[Task goal] Every record is to be printed exactly as written, and any picture in it is skipped.

[Recorded information]
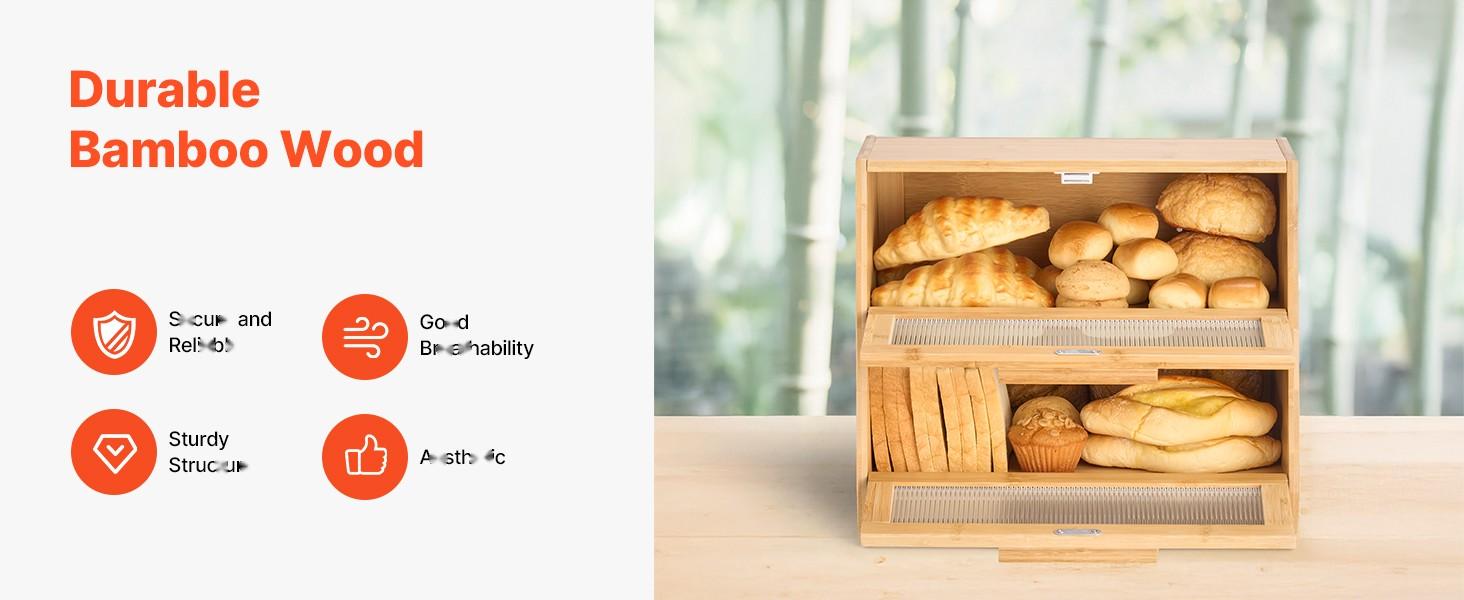 Double Layer Bread Box For Kitchen Counter - Bamboo Storage Container Natural Finish, Two-Tier, Airtight Seal, Stackable Pantry Organizer, Eco-Friendly Natural Bamboo Bread Keeper, Countertop Organization And Fresh Bread Storage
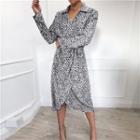 Long-sleeve Leopard Print Midi Shirtdress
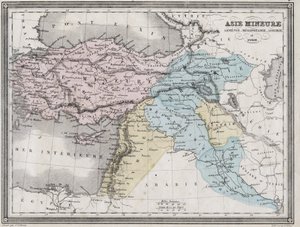 Kleinasien, Armenien, Mesopotamien, Assyrien und Syrien in der Antike - Tafel aus „Universal Atlas of Ancient and Modern Geography for the Use of Residential Schools“ von Vuillemin - ca. 1845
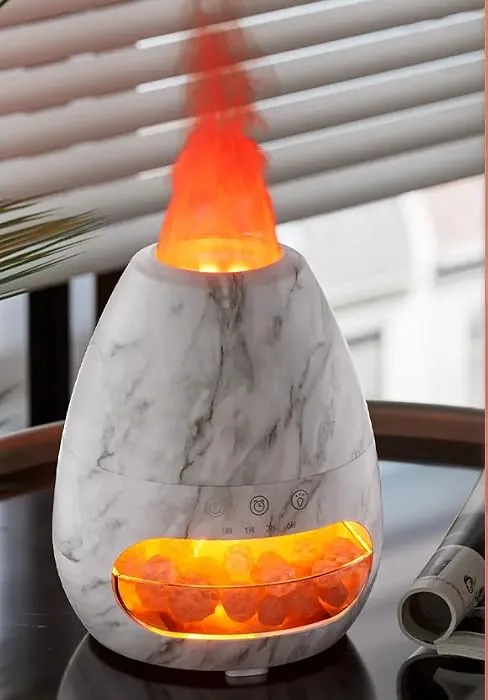 Essential Oil Flame Diffusers & humidifiers 7color modess imulation Flame Light humidifiers Aromatherapy Diffuser Timer Automatic Shutdown of waterless 150ml Capacity (White Aroma Diffuser) - Aromatherapy Diffuser & Essential Oil Diffuser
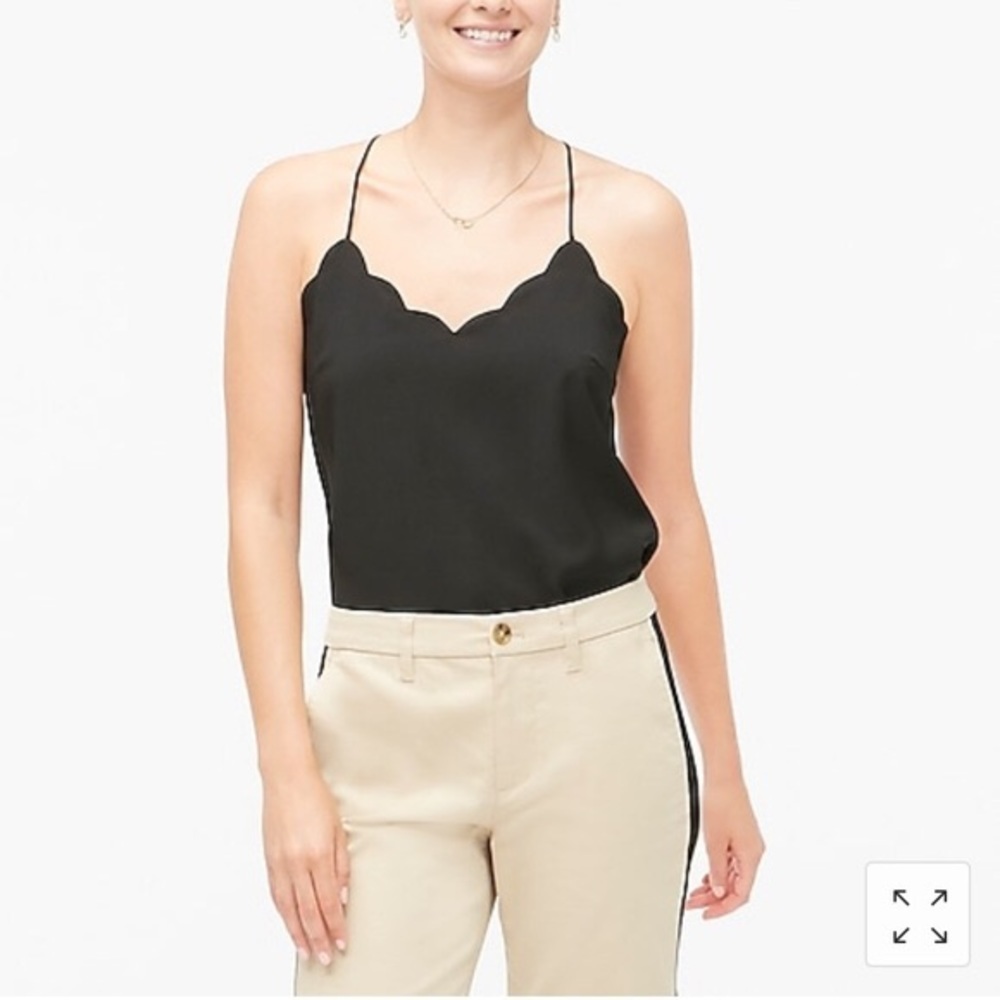 NWT J Crew Factory Black Scalloped Tank Top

[Response to this task]
 Double Layer Bread Box For Kitchen Counter - Bamboo Storage Container Natural Finish, Two-Tier, Airtight Seal, Stackable Pantry Organizer, Eco-Friendly Natural Bamboo Bread Keeper, Countertop Organization And Fresh Bread Storage
 Long-sleeve Leopard Print Midi Shirtdress
 Kleinasien, Armenien, Mesopotamien, Assyrien und Syrien in der Antike - Tafel aus „Universal Atlas of Ancient and Modern Geography for the Use of Residential Schools“ von Vuillemin - ca. 1845
 Essential Oil Flame Diffusers & humidifiers 7color modess imulation Flame Light humidifiers Aromatherapy Diffuser Timer Automatic Shutdown of waterless 150ml Capacity (White Aroma Diffuser) - Aromatherapy Diffuser & Essential Oil Diffuser
 NWT J Crew Factory Black Scalloped Tank Top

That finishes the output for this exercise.